Swirrl / ook

Structural search engine
https://search-prototype.gss-data.org.uk/
Eclipse Public License 1.0
6 stars 0 forks source link

Missing values for code-used field #69

Closed Robsteranium closed 3 years ago

Robsteranium commented 3 years ago

For some reason this field has missing values. It ought to be either "true" or "false".

If I run the following query:

{
  "size": 0,
  "aggregations": {
    "used": {
      "terms": {
        "field": "used"
      }
    }
  }
}

Then across the buckets I see a total of 49,441 values despite having 50,337 codes.

Indeed the following query matching the remaining 896 docs where this field is missing.

{
  "query": {
    "bool": {
      "must_not": [
        {
          "exists": {
            "field": "used"
          }
        }
      ]
    }
  }
}

It's not clear if this is to do with select-pagination or upserts.

Robsteranium commented 3 years ago

This appears to be caused by the select queries used for paging.

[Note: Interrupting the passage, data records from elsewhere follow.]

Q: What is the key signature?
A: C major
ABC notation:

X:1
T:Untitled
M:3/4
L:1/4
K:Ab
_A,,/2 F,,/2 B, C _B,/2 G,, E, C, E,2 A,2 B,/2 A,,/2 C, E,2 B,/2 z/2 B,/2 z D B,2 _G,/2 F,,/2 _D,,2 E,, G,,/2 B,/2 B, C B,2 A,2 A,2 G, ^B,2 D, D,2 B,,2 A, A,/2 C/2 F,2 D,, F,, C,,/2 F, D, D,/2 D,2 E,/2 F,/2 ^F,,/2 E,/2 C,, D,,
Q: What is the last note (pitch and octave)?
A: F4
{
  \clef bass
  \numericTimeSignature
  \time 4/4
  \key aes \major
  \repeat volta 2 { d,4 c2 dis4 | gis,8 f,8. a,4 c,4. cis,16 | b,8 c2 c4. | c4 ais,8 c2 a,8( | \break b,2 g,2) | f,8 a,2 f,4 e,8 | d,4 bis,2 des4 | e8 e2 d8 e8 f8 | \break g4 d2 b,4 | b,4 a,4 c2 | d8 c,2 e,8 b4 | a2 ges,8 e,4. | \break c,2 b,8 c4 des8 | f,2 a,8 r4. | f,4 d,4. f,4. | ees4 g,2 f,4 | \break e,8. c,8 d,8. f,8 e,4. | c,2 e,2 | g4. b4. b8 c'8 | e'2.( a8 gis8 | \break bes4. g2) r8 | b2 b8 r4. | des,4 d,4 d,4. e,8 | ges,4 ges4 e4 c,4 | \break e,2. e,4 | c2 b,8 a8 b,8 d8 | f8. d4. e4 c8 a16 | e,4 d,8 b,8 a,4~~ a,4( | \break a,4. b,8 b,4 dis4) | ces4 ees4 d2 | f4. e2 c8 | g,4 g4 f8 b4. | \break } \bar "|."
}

The results for successive pages (with increasing limit/offset) aren't contiguous (even without any writes in the meantime). Adding an e.g. ORDER BY ?uri clause seems to resolve this.

The same problem will plague the other pipelines. This solution doesn't work for the observation pager as the order by clause causes it to time out (at least on idp-beta with 28m observations).